(Source records)
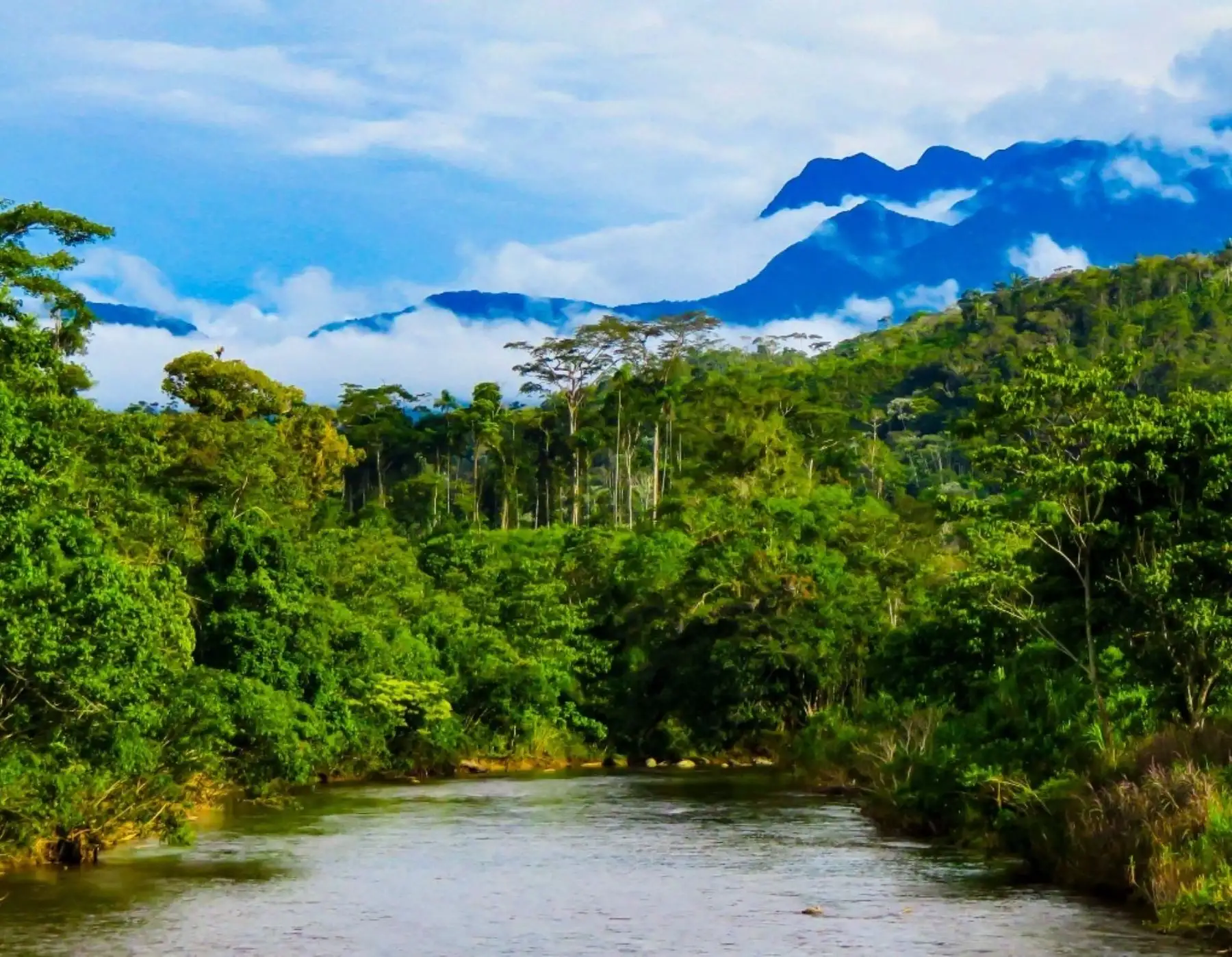 Sernanp impulsa el turismo rural comunitario en el Bosque de Protección Alto Mayo, ubicado en la región San Martín, con la inauguración de la Casa del Turista de Nueva Zelandia.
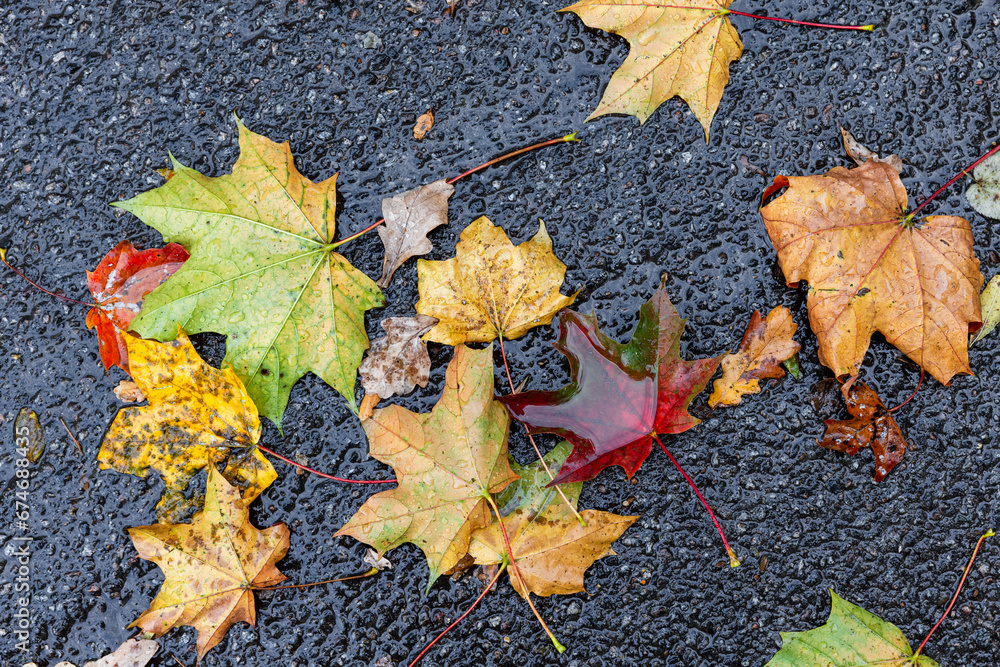 Colorful wet maple leaves lay on wet asphalt road Colorful wet maple leaves lay on wet asphalt road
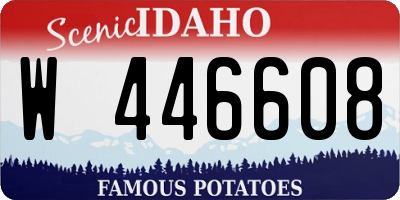 ID license plate W446608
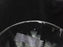 Waterford Crystal Powerscourt: Water or Wine Goblet (s), 7 5/8" Tall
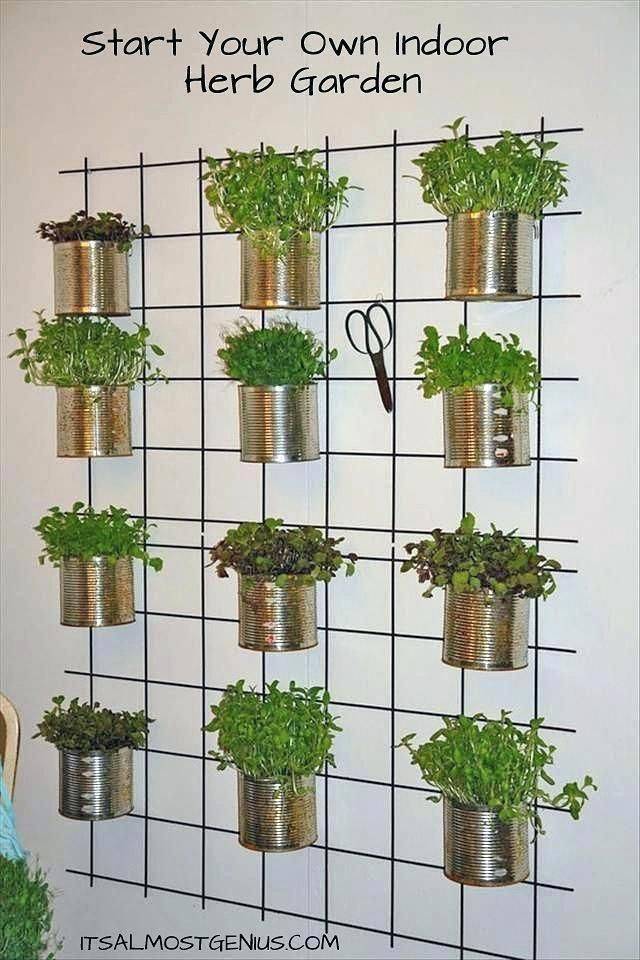 Vertical Indoor Gardening Diy Craft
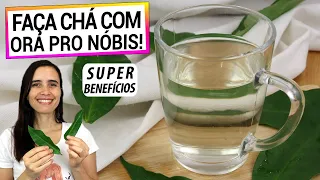 COMECE A TOMAR CHÁ DE ORA PRO NÓBIS! SUPER ALIMENTO, APRENDA A FAZER DO JEITO CERTO!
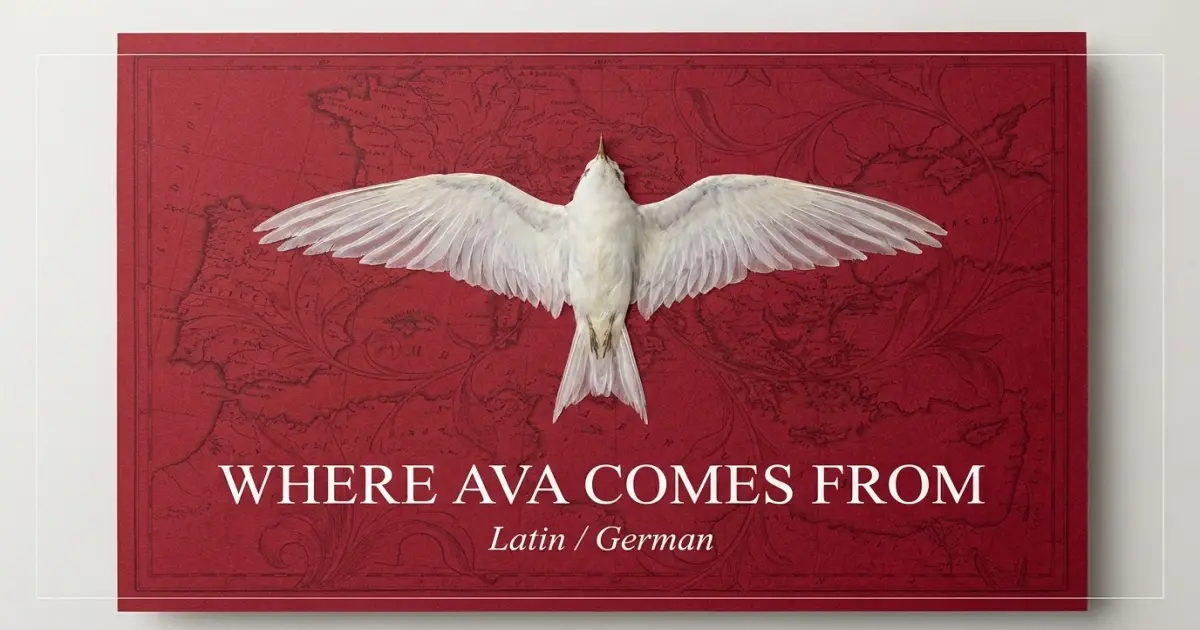 Where Ava Comes From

| What you should do |
What are the lines from the one containing "COMECE A TOMAR" through the end of the records? Write them out exactly, leaving out the pictures.

| Exercise answer |
 COMECE A TOMAR CHÁ DE ORA PRO NÓBIS! SUPER ALIMENTO, APRENDA A FAZER DO JEITO CERTO!
 Where Ava Comes From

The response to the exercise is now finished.